Custom sampling step

Hello pymc3 community!

I research analytical methods for protein structure modeling and have recently used pymc3 to estimate uncertainty in experimentally data obtained modeling parameters. Now, I want to make the model that we are using more general and have a question (actually two) concerning a custom sampling step and was hoping maybe some of you could provide some input.

Okay, here is the problem: The whole model is pretty complex and has quite a lot of parameters, so I don’t really have a minimal example to post right now. But basically what I want to do is to have a custom sampling step for parameter (vector) P. P is very similar to a multivariate Gaussian but must be constrained to nonnegative values. We implemented this step (but not the full model) in MATLAB in previous works (for those curious, here is the link) and want to port this to python and pymc3 for obvious reasons.

Here are my two questions

  • I am struggling a little with telling pymc3 to do a custom step for one of the parameters while using NUTS for all the others. I found a few examples online, but those are either old and don’t work with the current pymc3 version or are not what I want to do.

  • What is the best approach for the custom draw for P. It is quite a bit of code that involves matrix inverses and a fast nonnegative least squares solution (fnnls), and also includes a while condition. Converting the sampler into python code was pretty straight forward, but I am having issues with making it compatible with theano, in particular the fnnls part with the while loop. Is there an easier way of doing this? This draw also depends on a hyperparameter δ that is sampled via NUTS.

On a side note: What I am doing currently is to sample P with

P = pm.MvNormal("P", mu=P0, chol = CL, shape = nr)

which runs but doesn’t give acceptable results. I also played around with restraining this

P = pm.Bound(pm.MvNormal, lower=0.0, upper=5.0)("P", mu=P0, chol = CL, shape = nr)  

but this leads to issues with the gradient.

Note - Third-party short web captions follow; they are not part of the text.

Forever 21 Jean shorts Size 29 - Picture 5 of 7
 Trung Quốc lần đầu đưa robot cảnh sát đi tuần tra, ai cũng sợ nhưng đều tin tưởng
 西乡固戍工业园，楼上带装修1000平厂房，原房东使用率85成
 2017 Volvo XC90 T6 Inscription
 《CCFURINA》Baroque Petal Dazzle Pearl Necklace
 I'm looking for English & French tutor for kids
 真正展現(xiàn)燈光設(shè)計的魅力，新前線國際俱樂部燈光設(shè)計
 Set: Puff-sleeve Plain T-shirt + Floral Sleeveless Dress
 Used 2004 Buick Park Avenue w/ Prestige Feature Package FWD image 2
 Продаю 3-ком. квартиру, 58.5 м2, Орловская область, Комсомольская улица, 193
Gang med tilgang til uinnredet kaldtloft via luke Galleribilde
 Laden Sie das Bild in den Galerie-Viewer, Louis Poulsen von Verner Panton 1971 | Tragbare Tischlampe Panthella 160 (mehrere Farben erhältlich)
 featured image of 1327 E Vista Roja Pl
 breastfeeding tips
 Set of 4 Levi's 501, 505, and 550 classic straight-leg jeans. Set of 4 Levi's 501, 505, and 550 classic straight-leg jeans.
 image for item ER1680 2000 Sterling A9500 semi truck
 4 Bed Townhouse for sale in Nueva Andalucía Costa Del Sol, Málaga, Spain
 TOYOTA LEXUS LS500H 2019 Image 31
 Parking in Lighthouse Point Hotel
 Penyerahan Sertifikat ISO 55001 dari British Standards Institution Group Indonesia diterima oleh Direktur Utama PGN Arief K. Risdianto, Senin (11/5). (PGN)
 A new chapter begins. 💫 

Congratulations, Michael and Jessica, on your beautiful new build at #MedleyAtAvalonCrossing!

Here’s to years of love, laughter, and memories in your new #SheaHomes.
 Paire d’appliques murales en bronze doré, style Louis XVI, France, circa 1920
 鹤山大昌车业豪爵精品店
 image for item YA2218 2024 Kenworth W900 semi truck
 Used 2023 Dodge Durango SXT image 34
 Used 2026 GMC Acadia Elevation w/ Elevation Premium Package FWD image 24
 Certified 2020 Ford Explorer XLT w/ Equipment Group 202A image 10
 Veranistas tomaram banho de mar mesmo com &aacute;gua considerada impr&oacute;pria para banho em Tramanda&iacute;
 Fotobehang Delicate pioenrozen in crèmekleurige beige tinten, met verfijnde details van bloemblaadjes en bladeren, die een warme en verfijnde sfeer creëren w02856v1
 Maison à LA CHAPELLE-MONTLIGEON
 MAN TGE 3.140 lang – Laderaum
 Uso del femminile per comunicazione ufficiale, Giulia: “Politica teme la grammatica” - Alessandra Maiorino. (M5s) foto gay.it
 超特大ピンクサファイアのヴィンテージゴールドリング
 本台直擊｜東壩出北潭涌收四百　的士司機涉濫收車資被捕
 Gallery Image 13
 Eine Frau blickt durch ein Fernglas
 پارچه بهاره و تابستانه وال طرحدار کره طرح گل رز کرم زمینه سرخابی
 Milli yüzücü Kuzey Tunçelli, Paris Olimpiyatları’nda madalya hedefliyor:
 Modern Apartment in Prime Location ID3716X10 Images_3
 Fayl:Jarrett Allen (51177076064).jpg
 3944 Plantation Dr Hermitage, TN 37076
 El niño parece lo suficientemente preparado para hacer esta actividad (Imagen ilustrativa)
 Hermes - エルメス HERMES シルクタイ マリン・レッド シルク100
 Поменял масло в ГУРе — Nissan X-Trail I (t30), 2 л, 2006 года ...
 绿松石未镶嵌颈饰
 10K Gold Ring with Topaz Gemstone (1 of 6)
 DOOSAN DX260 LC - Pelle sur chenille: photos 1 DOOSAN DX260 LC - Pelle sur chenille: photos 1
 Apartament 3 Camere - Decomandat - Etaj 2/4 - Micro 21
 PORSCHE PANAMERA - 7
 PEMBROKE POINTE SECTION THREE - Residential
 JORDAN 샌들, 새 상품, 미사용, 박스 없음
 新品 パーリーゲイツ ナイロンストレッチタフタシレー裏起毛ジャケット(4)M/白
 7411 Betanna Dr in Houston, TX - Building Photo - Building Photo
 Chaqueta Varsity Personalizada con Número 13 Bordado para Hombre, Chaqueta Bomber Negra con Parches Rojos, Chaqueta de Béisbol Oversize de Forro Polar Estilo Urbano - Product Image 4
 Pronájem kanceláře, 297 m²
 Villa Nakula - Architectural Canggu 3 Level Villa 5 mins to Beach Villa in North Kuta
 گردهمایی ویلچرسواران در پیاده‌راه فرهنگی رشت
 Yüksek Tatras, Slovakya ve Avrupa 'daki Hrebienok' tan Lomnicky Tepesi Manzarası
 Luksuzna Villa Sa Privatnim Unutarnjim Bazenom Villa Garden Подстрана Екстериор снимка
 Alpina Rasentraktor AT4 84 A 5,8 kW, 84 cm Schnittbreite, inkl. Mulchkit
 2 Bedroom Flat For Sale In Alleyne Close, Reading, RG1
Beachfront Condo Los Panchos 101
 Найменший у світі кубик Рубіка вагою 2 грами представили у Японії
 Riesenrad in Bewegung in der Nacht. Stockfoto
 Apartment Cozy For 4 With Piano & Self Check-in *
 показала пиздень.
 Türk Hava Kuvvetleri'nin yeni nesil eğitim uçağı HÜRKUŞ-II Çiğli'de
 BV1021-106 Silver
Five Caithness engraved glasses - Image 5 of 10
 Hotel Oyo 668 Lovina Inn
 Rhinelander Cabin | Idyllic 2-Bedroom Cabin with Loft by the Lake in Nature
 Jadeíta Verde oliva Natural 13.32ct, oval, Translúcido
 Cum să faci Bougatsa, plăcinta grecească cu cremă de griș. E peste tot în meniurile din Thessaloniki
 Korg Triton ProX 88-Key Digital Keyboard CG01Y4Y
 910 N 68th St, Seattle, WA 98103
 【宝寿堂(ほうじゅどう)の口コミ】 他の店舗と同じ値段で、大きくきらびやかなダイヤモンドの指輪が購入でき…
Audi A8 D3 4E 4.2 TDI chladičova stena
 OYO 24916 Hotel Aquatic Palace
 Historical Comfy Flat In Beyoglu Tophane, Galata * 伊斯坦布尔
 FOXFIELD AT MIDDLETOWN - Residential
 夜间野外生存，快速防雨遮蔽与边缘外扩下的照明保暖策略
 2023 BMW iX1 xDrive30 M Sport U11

I’d appreciate any help and I’ll try to come up with a MWE (or minimal non working example :smiley: ) in the meanwhile.

Thanks,

Stephan

1 Like

The custom step method for P does not need to be in Theano - it just needs to return a dict object with the right keys.

Are there any steps in this notebook which are nonfunctional or confusing?

Hi @ckrapu, thanks for your response.

Yes, that notebook is one of the examples I came across. But I must admit that there is too much going on in it (the stick breaking, etc), and that I can’t figure out how to apply it to my problem. Is there somewhere a list of what keys the dict object must have? Or maybe an easier example?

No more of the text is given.